Implementing Open-Book Management
Financial literacy is key to getting your staff to understand the numbers and how their actions affect them. Byers says they’ve found the more people are engaged throughout the process – from annual budget planning to weekly tracking and reporting – the more equipped they are to connect the dots.
Fraynd says he uses the penny game from GGOB.
“In short, everyone starts with 100 pennies and we ask them how they believe money falls in certain buckets, i.e. wages, equipment, materials, insurance, taxes and even down to how much they think we make in profit,” he says. “Our team has grown a tremendous amount from where we started but it’s always amazing to see how wide of a range we get on these answers. At the end of the day, when we say there are maybe 5-10 pennies left for profit, they are shocked, ‘We need to do better!’ That’s the best light bulb moment of all and it’s when the real magic begins!”
He says it’s also important to break down the numbers to tangible goals and KPIs that team members can wrap their heads around and affect on a daily basis.
“This may be expense line items from admin and fleet team members or weekly sales figures for the sales team,” Fraynd says. “Our managers receive monthly goals for their team in earned revenue, billed labor hours (throughput) and gross profit (as a percentage and a dollar). We also bring this down to the crew level with weekly ‘efficiency’ scores showing them how they are doing toward man-hour goals.”

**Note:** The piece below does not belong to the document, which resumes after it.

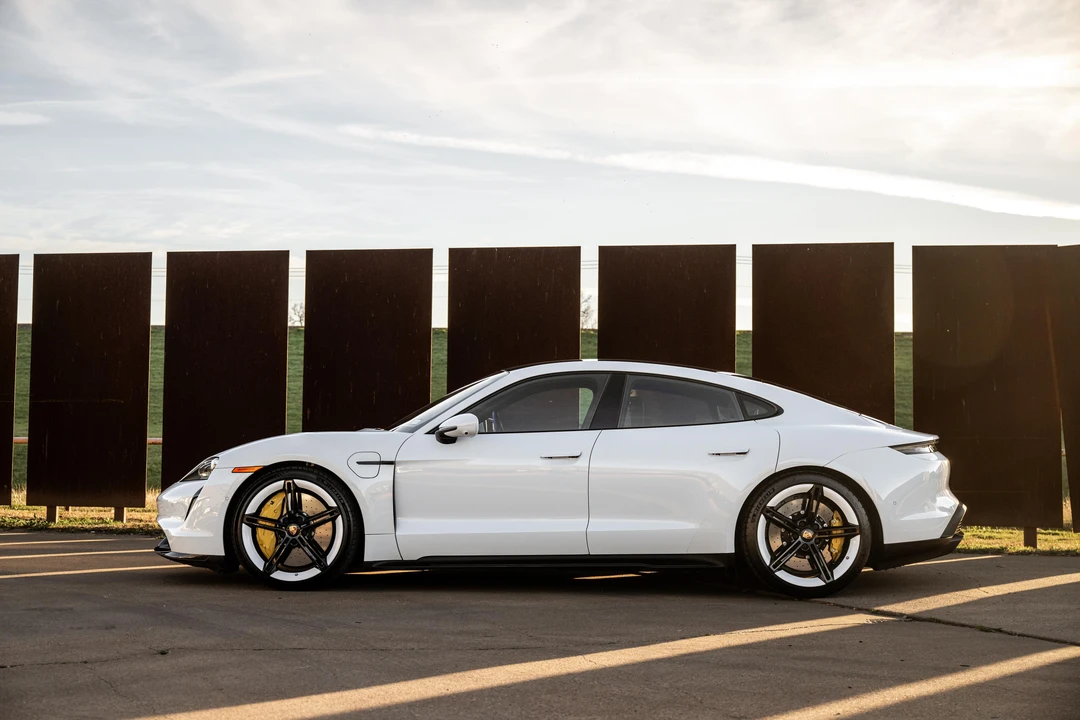 2020 Porsche Taycan Turbo S - Image 14 of 31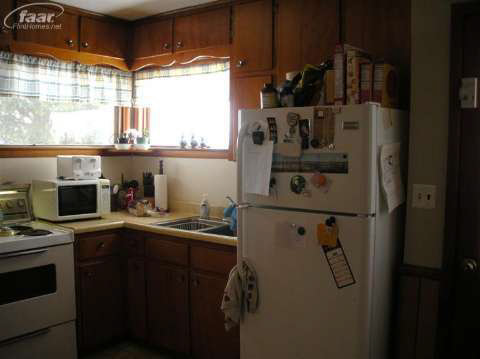 498 East Britton Road Morrice, MI 48857 - Photo 3 of 10 20343431-2.JPG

Fraynd recommends starting out simple with a few items like budgeted revenue, gross profit, overhead and profit and adding complexity as you go. Once your team does have a grasp on the numbers, be aware that they can be discouraged if your company is not hitting its goals. Reminding them they have the power and support to change that is empowering.

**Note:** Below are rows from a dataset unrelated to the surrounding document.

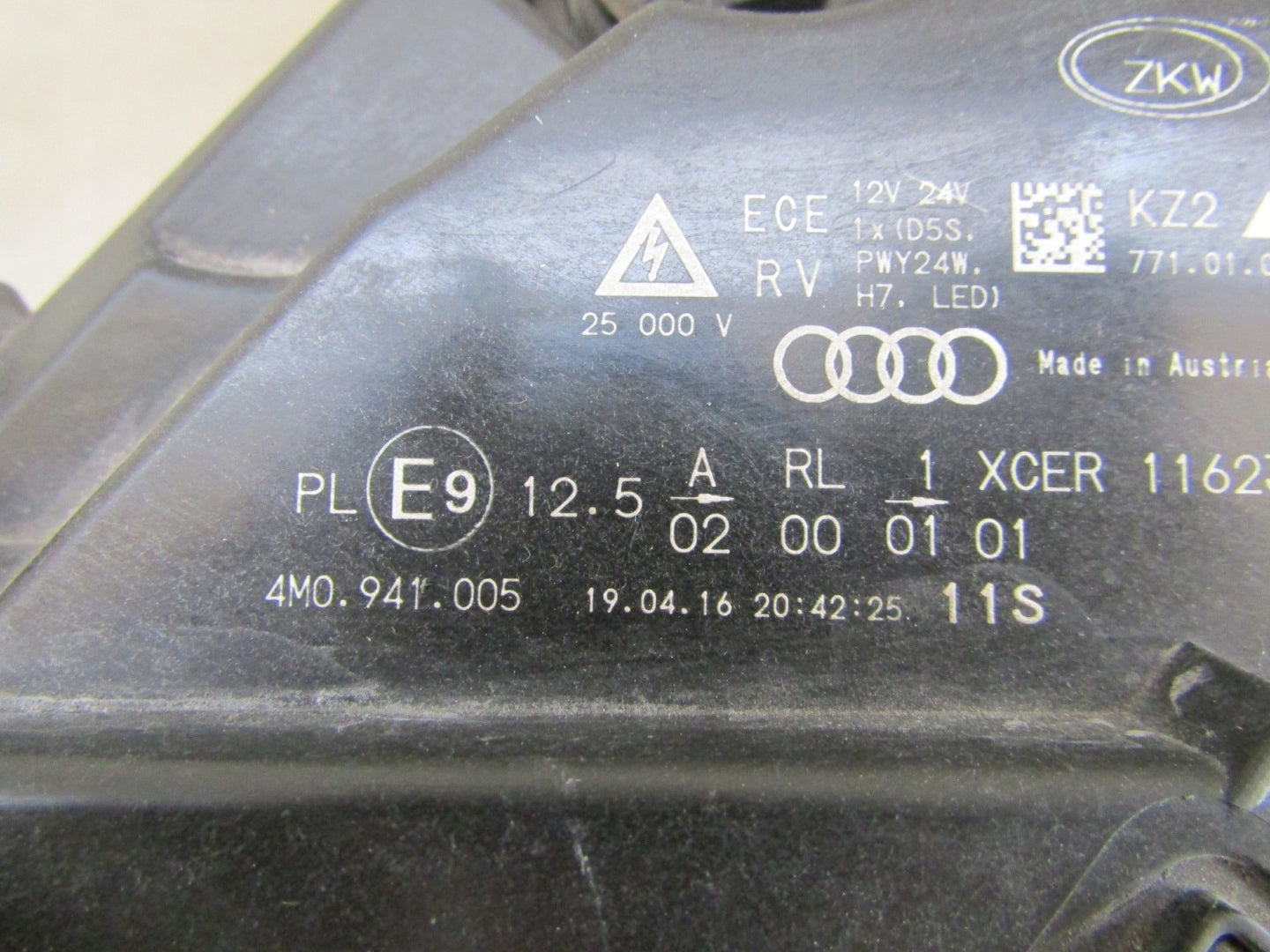 Audi Q7 4M0 Xenon Headlight 15-19 LH 4M0941005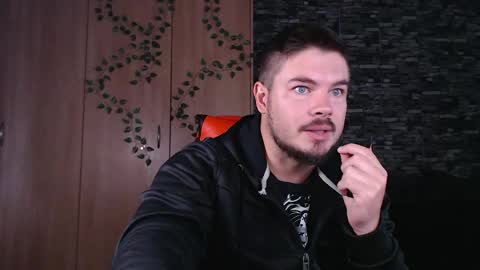 blueeyeboy0 online show from April 22, 7:33 am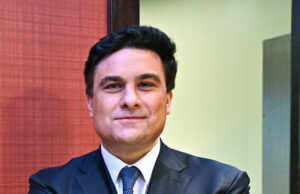 EXCLUSIVO: Kentuckian Nate Morris corre para o Senado terminar “Rulé Mitch McConnell” e sua “boneca” EXCLUSIVO: Kentuckian Nate Morris corre para o Senado terminar "Rulé Mitch McConnell" e sua "boneca"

“It’s our job as leaders to support the team, make quick decisions based on data and to motivate people when they need it most,” Fraynd says. “It helps to keep a wide perspective, focused not just on the week’s or month’s goals, but in your ultimate vision and reflecting back on how far you have come. This pressure to perform is not for everyone, but we have found that by sharing the score, the top performers rise to the top and we are far better for it.”
Byers advises those interested in open-book management research GGOB as it has coaches and an online community to help practitioners with implementation as their “game” evolves. Fraynd also suggests GGOB, along with Scaling Up, Traction, E-Myth and The Hard Thing About Hard Things.
“If you need help or support, reach out to me or many of the other NALP members that operate using OBM,” Fraynd says.
Byers agrees and encourages reaching out to peers using the system and learning from their experiences.
“I would also caution that it is a learning process for all — from bottom to top and everyone in between,” Byers says. “It takes a sustained effort to educate and keep people engaged, so make the commitment and stay with it.”